E como grande música pede mais grande música, Kung Fu Kenny só podia mesmo recorrer ao seu Agame na hora de enfrentar o microfone: o tema é, do ponto de vista da técnica vocal, uma autêntica tour de force com múltiplos registos – spoken word, rajadas intensas de palavras, com cada uma das barras a ser entregue com clareza máxima –, Kendrick está visivelmente zangado, mas não permite que isso lhe turve a performance – e há ainda canto, no refrão, voz dramaticamente processada e mais palavras cuspidas com a classe e autoridade de um verdadeiro GOAT. Tudo certo e perfeito aqui: esta é, sem a menor sombra de dúvida, uma das melhores performances da carreira discográfica de Kendrick.

A mensagem, depois: “I come from a generation of pain, where murder is minor” estabelece o duro tom do que se segue e pinta o retrato de uma América em que o destino de um homem negro está não nas suas mãos, mas num conjunto de factores aleatórios que lhe podem facilmente roubar o futuro: “be it will or the wheel alignment”. Depois disso, Kenny espalha mais barras de ouro neste tema do que as que se encontram nos cofres de Forte Knox, fala para dentro da sua comunidade acerca da sua própria cultura – “Homies done fucked your baby mama once you hit the yard, that’s culture” – e assegura que quer ser a voz de muitos – “The streets got me fucked up, y’all can miss me/ I wanna represent for us” – antes de ir ainda mais fundo acerca da sua própria essência – “Our foundation was trained to accept whatever follows/ Dehumanized, insensitive” com tudo a acontecer “In the land where hurt people hurt more people”. No último verso vem a resolução, a prova de que Kendrick Lamar é uma voz de que a América precisa agora: “The purpose is in the lessons we learnin’ now”, assegura ele, antes de canalizar o espírito de Nipsey Hussle e fazer um apelo – “and to my neighborhood, let the good prevail”.

Finalmente, a embrulhar tudo isto, há um vídeo poderoso, talvez o mais importante vídeo dos últimos anos, para ser colocado ao lado de “This is America” de Childish Gambino.

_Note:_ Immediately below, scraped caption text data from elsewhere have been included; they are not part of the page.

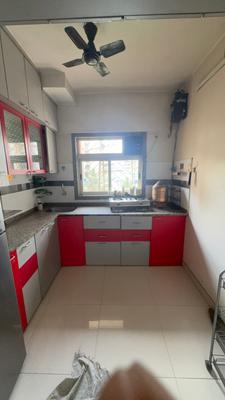 Kitchen Image of 550 Sq.ft 1 BHK Apartment / Flat for rent in Siddhi Highland Park, Thane West Thane for Rs. 29000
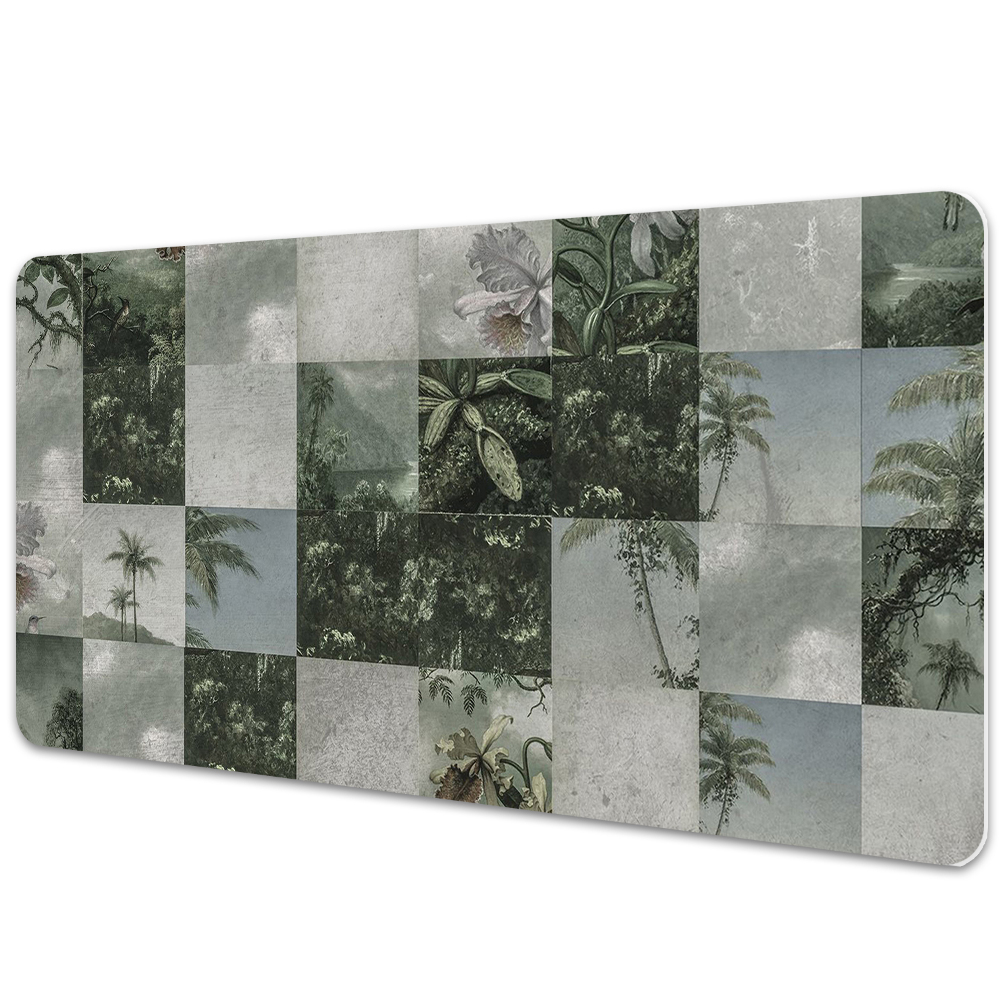 Mapa birou Patchwork geometric tropical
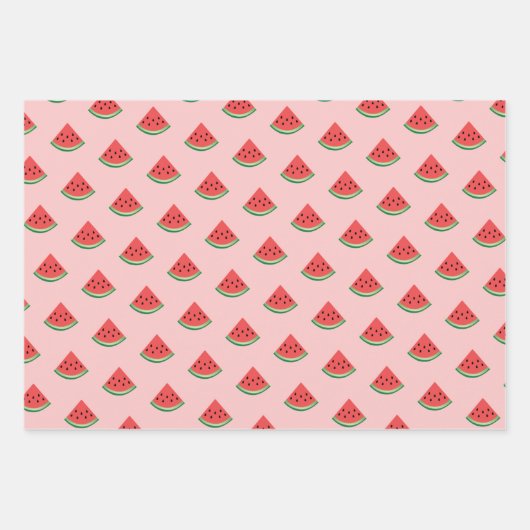 Fruchtmuster Lemon Berry Melon Wrapping Paper Geschenkpapier Set (Vorderseite 2)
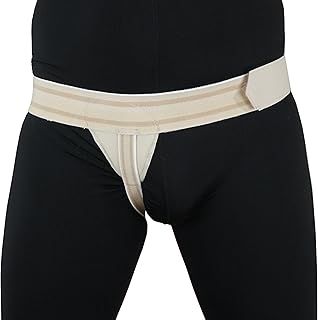 ORTONYX Inguinal Groin Hernia Truss Support Belt - Left Beige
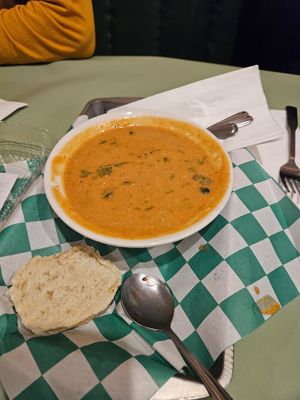 Vegan soup of the day... amazing!! at Leaf and Ladle in Bellingham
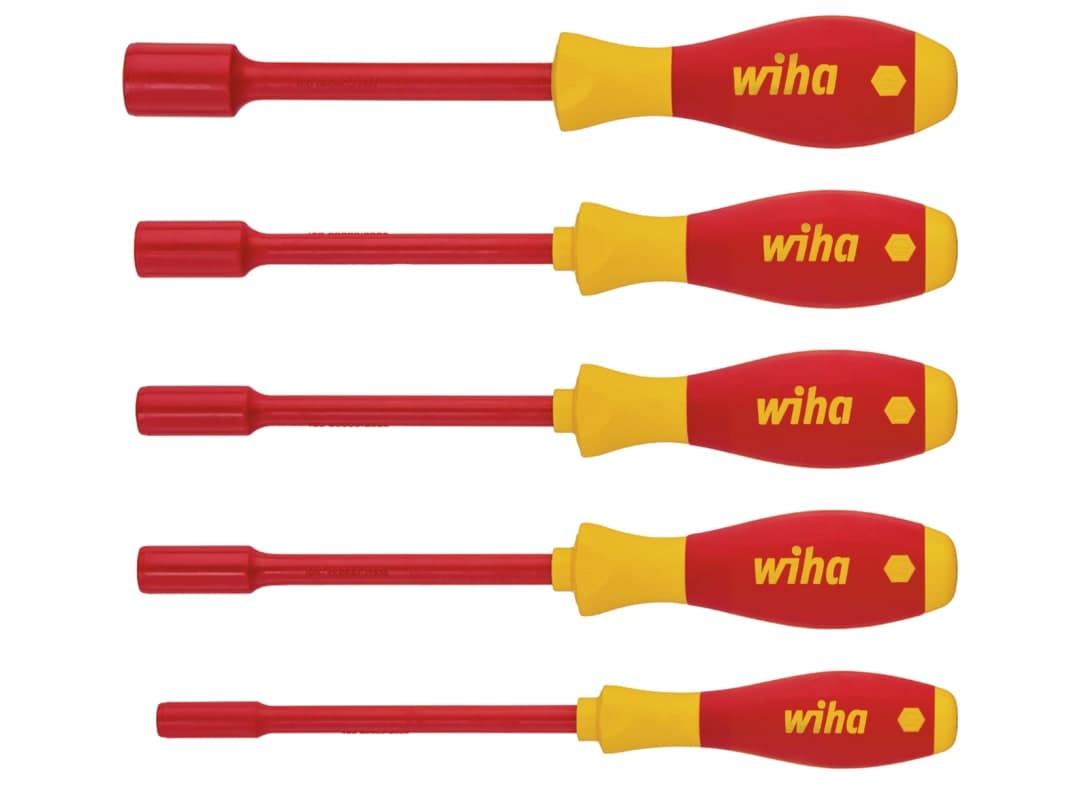 Wiha SoftFinish® electric Hex Nut Driver Set, 5 Piece 29466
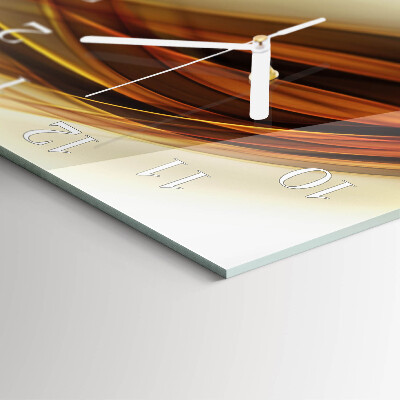 Horloge carrée en verre Abstraction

Usando a tal tecnologia deepfake – que é verdadeiramente assustadora quando pensamos nas possibilidades que abre para a manipulação da verdade –, Kendrick assume as faces de uma série de ícones negros, alguns deles bem controversos, de OJ Simpson a Kanye West e Will Smith, passando por Jussie Smollett, Kobe Bryant e Nipsey Hussle, com as palavras rimadas a ressoarem de forma ainda mais especial consoante o rosto que as debita. É uma ideia cada vez mais complexa de entender neste tempo conturbado em que todos vivemos, a da perspectiva do outro, que é o conceito central que Kendrick aqui segue. E daí que antes do vídeo arrancar se possam ler as palavras fundas “I am. All of Us” assinadas por Oklama, a mesma “personagem” ou “identidade” que Kendrick usou para comunicar recentemente que o novo álbum será a sua última edição com carimbo da Top Dawg Entertainment e que parece também definir o seu novo domínio digital.

Já se suspeitava que Kenny viria com tudo nesta sua despedida da TDE que poderá marcar uma viragem na sua carreira. E “The Heart Part 5” não desilude, atirando-o para os píncaros e deixando-nos, pelo menos até à próxima sexta-feira, com os níveis de ansiedade no máximo. Preparem-se porque vem aí o disco do ano.